Early life and education 
Sheikh Salem is the eldest son of Sheikh Ali Salem Al-Mubarak Al-Sabah (1898–1928) and was born in Fereej Al-Shuyouk () in the designated area of Wast ().

Career

Construction and development (1950–1960) 
Salem debuted his career in the construction and development of the country during the discovery of oil in the 1950s; through its monetary revenue, Kuwait started to witness and experience an industrial growth on all levels around the country. Since then, Salem enlisted in the general public work sector, well before the forming of the Government of Kuwait, partaking and leading many development projects roles that were designed to build contemporary Kuwait in addition to setting the corps foundations of lifestyle and way of life in contemporary society today.

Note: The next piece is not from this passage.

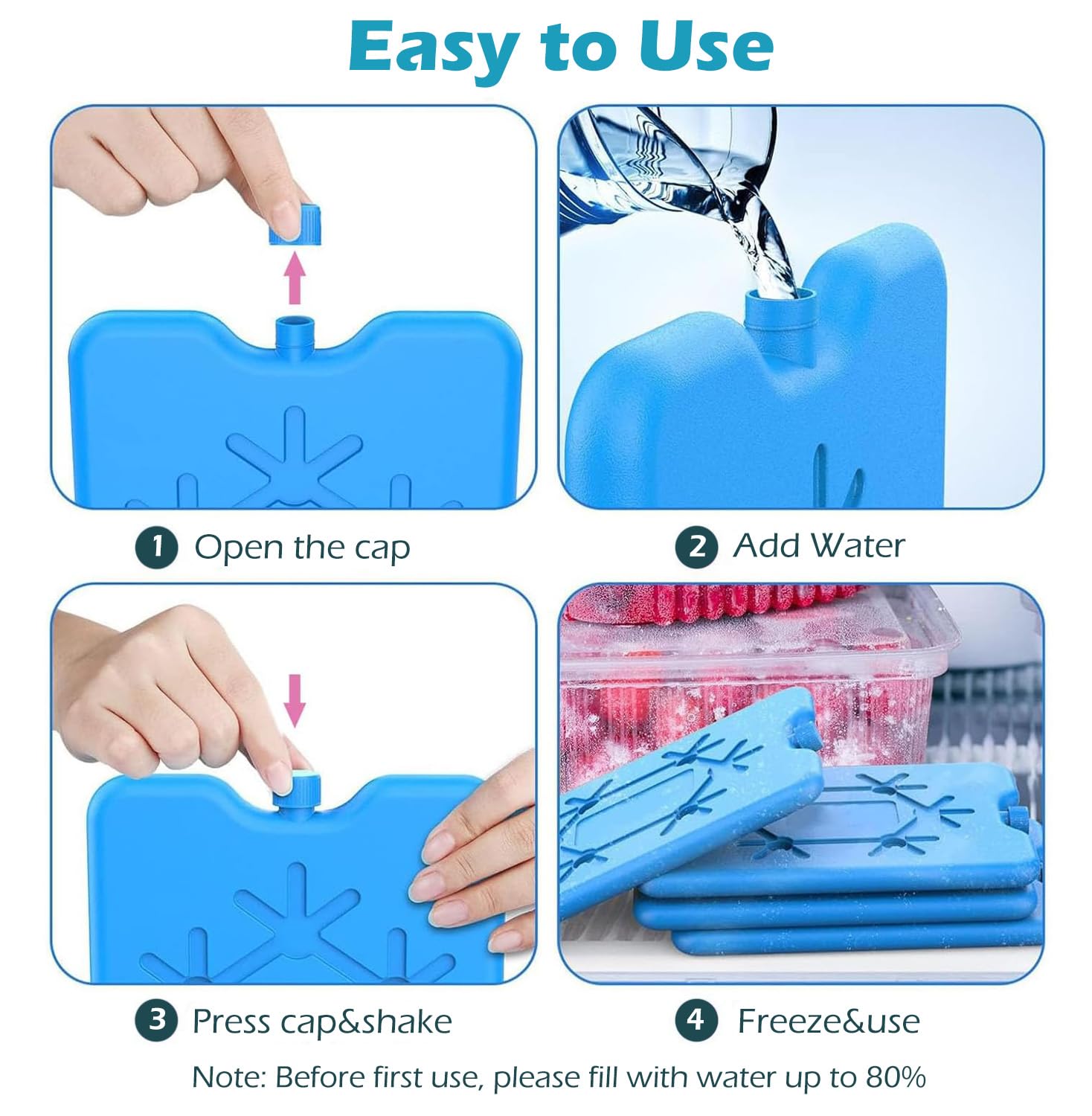 Bloc Glace pour glaciere - Lot de 4 pièces, Chaque de 200 millilitres-Pain de Glace pour Sac Isotherme - Un Accessoire de Refroidissement Indispensable.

During the early 1950s, Salem worked closely with Fahed Salem Al-Mubarak Al-Sabah, Director of Public Works and the Municipality. He assumed the role of deputy director of His Excellency's offices for the both until 1959. During the same year, Salem headed the construction council and was in charge of planning and development, a very important post during the developing period of Kuwait. During that important time, Salem headed to his turn the Directorate of Public Works which was heavily concentrated on executing the major construction projects that founded today's Kuwait.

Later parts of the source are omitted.